E. Fixed Income Securities

Fixed income securities are reported at market value plus
accrued interest. Fixed income securities transactions are
accounted for on the trade date. Any change in net unrealized
gain or loss from the preceding period is reported in the
statement of operations. Interest income is recorded on the
accrual basis.

F. Income Taxes

The Partnership prepares calendar year U.S. and state
information tax returns and reports to the partners their
allocable shares of the Partnership's income, expenses and
trading gains or losses.

G. Foreign Currency Transactions

The Partnership's functional currency is the U.S. dollar;
however, it transacts business in currencies other than the
U.S. dollar. Assets and liabilities denominated in currencies
other than the U.S. dollar are translated into U.S. dollars at
the rates in effect at the date of the statement of financial
condition. Income and expense items denominated in currencies
other than the U.S. dollar are translated into U.S. dollars at
the rates in effect during the period. Gains and losses
resulting from the translation to U.S. dollars are reported in
income currently.

Note 2. GENERAL PARTNER

The General Partner of the Partnership is Kenmar Advisory Corp.,
which conducts and manages the business of the Partnership. The
Limited Partnership Agreement requires the General Partner to
maintain a capital account of no less than the lesser of 1% of the
aggregate capital accounts of all partners or $500,000.


F-7
40



THE FULCRUM FUND LIMITED PARTNERSHIP
NOTES TO FINANCIAL STATEMENTS (CONTINUED)
---------

Note 2. GENERAL PARTNER (CONTINUED)

Effective February 1, 1998, for managing the continuing offering of
units, the General Partner receives a monthly offering fee equal to
0.25% (3% annually) of that month's beginning Net Asset Value (as
defined in the Limited Partnership Agreement) of the Partnership.
Prior to February 1, 1998, the General Partner received a monthly
offering fee equal to .25% (3% annually) of the prior month's
beginning Net Asset Value (as defined) of the Partnership. Commencing
April 1998, the General Partner rebates to One Million Dollar
Investors (as defined in the Confidential Private Placement
Memorandum and Disclosure Document) who invested in the Partnership
prior to August 1, 2000, a monthly amount equal to two-thirds of the
offering fee applicable to such One Million Dollar Investors. All
rebates to One Million Dollar Investors are made by issuing
additional B Units.

A portion of the brokerage commissions paid by the Partnership to the
broker is, in turn, paid by the broker to the General Partner.

Note 3. COMMODITY TRADING ADVISORS

Effective November 1, 2000, the Partnership has advisory agreements
with Beacon Management Corporation (USA) (Beacon) and Stonebrook
Structured Products, LLC (Stonebrook) (the "commodity trading
advisors").
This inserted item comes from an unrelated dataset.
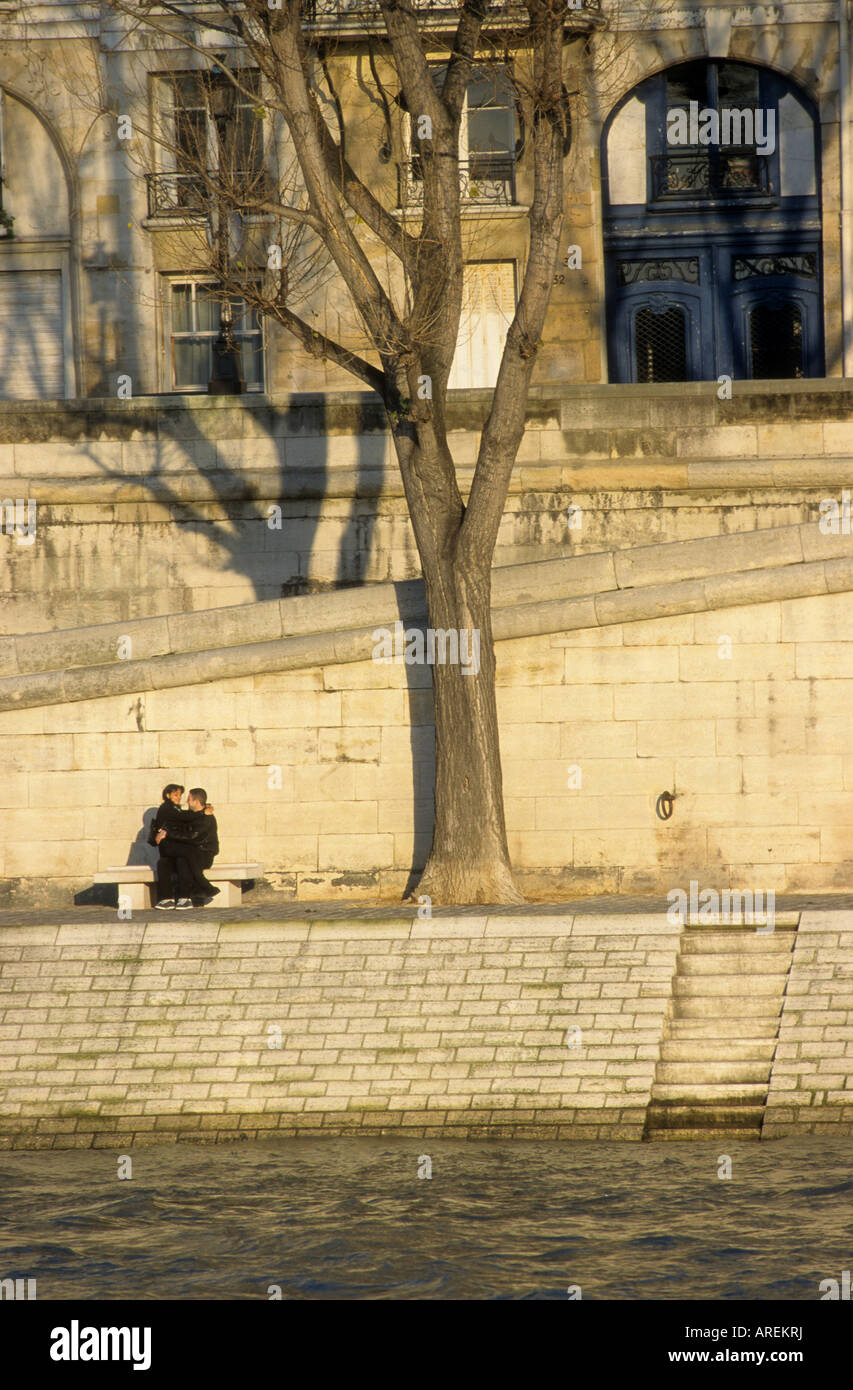 Couples In Love On The Island Saint Louis Quay D Orleans Couple D Amoureux Sur Les Quais De Seine A Paris Stock Photo Alamy Couples In Love On The Island Saint Louis Quay D Orleans Couple D Amoureux Sur Les Quais De Seine A Paris Stock Photo Alamy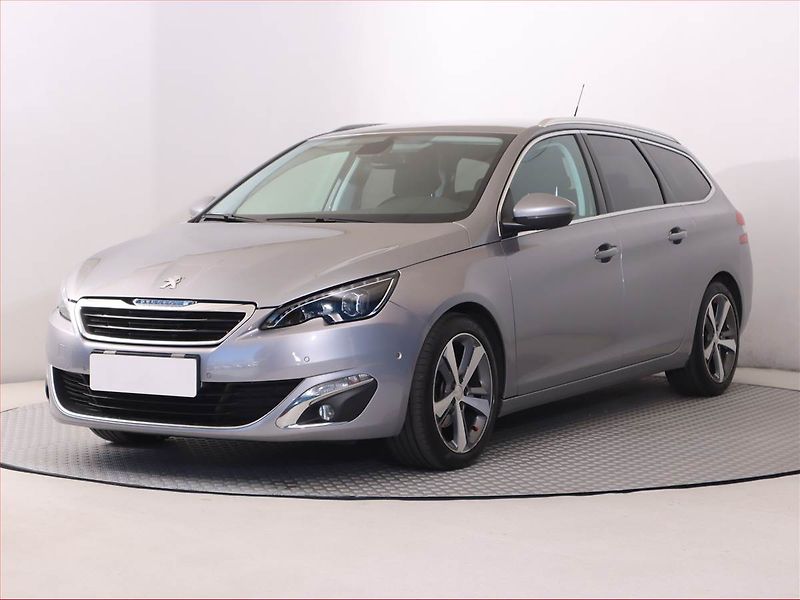 Peugeot 308 (2016) Allure 1.6 BlueHDi, Automat - fotka 2 z 22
Pursuant to the advisory agreement with Beacon, the
Partnership pays a monthly management fee of 1/12 of 2% (2% annually)
of the month-end Net Asset Value of the subaccount (as defined in the
advisory agreement) and a quarterly incentive fee equal to 20% of Net
New Trading Profits (as defined). Beacon pays up to 22.5% of its
management and incentive fees to the General Partner. Pursuant to the
advisory agreement with Stonebrook, the Partnership pays a monthly
management fee equal to 1/12 of 1% (1% annually) of the month-end Net
Asset Value of the subaccount (as defined) and a quarterly incentive
fee equal to 10% of Net New Trading Profits (as defined). Stonebrook
pays the entire incentive fee to the General Partner. During the
period November 1, 2000 to December 31, 2000, the General Partner
waived its right to all incentive fees to which it was entitled from
Beacon and Stonebrook; accordingly, such incentive fees were not
charged to the Partnership and the advisor incentive fees reported in
the statement of operations have been reduced by the amount of such
incentive fees waived by the General Partner.


F-8
41


THE FULCRUM FUND LIMITED PARTNERSHIP
NOTES TO FINANCIAL STATEMENTS (CONTINUED)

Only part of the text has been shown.